Sazi is ethno-musicologist, composer and unique performer in the jazz-influenced style of South African music whose initial recording, composing and performance career is documented in, among other albums, Zanusi (1989) and African Tributes (1992). To support a protracted student career (and fatherhood since 1991), Sazi simultaneously free-lanced as composer for children’s educational radio and television programmes including Takalani Sesame [1999]. He has recorded many original musical pieces that employ indigenous Nguni instruments such as bows, drums and flutes, which he has manufactured himself; as well as other African musical instruments.

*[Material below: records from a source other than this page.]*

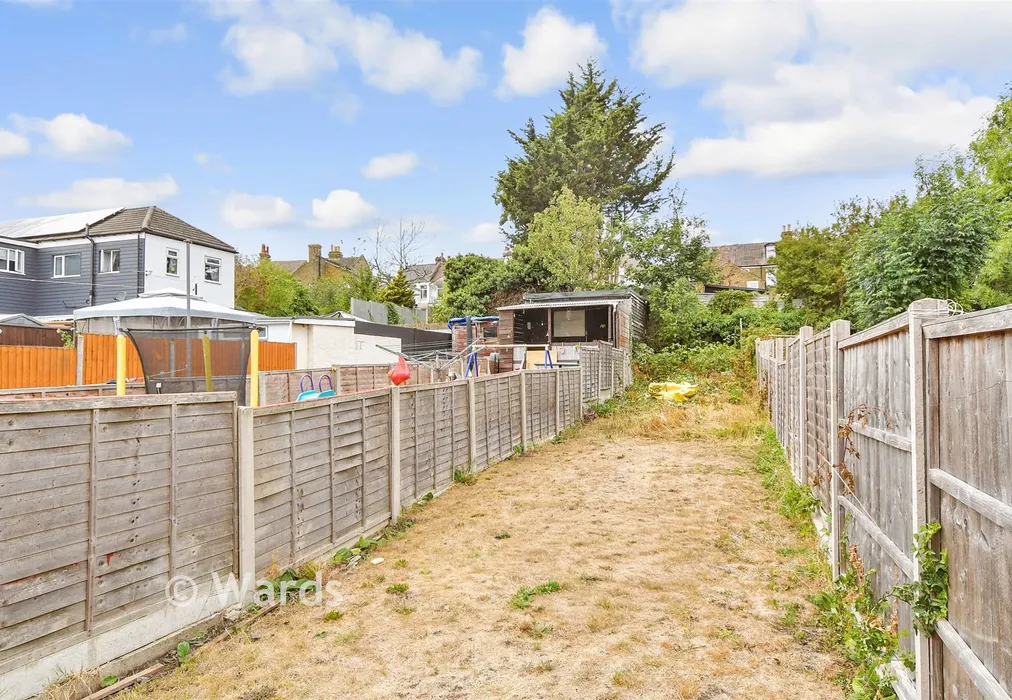 Rear Garden - Montfort Road, Strood, Rochester, Kent - Wards of Kent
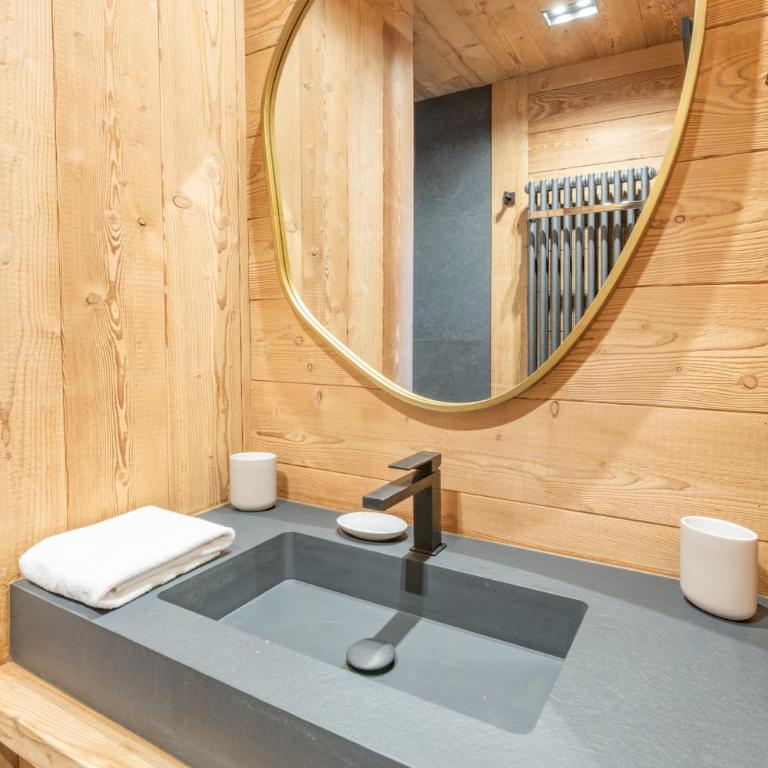 Alpe d'Huez Houses - Chateau Noir - Grand standing pour 4 ou 5, Sauna, Fitness, Babyfoot - Appartamento Deluxe con 2 Camere da Letto e Balcone - 45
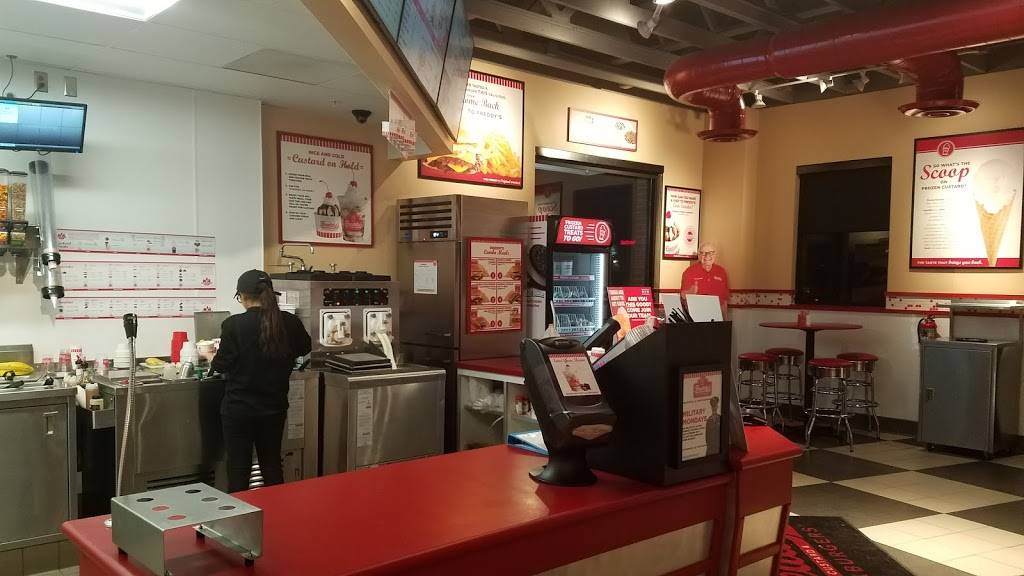 Freddys Frozen Custard & Steakburgers | restaurant | 9901 Xenia Ave N, Brooklyn Park, MN 55443, USA | 7634329860 OR +1 763-432-9860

He is a versatile performer and mediator across a regional diversity of musical performance, with a long-standing involvement in the creative contextualisation of indigenous, popular and formal musical performance across cultures and genres of music. 

In 2016 he accepted the eThekwini Municipality’s Living Legends Award, in recognition of his contributions to arts and culture, for his work in the preservation and promotion of indigenous KZN music genres such as maskandi, mbaqanga, isicathamiya and children’s musical performance, as well as theatre and dance, and his critical role in musical performance, education and social transformation.

Performances take place at 14h00 on March 26 at The Rainbow at 23 Stanfield Lane, Pinetown, and on March 29 at the Centre for Jazz at 18h00.